Records from a data source
★ ★ ★

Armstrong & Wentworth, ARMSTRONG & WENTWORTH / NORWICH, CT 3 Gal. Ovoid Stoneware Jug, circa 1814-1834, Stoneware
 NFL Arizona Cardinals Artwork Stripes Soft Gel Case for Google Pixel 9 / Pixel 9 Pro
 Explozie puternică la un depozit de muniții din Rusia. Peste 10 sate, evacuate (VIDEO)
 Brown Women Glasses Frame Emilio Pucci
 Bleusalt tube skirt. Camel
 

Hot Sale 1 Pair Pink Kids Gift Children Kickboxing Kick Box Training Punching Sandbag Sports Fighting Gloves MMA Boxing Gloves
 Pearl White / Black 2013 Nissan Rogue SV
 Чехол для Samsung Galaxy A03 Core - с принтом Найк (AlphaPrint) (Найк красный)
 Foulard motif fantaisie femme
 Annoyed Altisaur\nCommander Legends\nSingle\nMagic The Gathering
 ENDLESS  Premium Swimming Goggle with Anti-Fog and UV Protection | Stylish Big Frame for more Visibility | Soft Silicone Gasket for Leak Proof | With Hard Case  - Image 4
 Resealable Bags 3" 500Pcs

★ ★ ★

### Task prompt
I need exact copies of the lines from the one holding "Premium Swimming Goggle" through the end of the records above, and nothing beyond them.

### Output below
 ENDLESS  Premium Swimming Goggle with Anti-Fog and UV Protection | Stylish Big Frame for more Visibility | Soft Silicone Gasket for Leak Proof | With Hard Case  - Image 4
 Resealable Bags 3" 500Pcs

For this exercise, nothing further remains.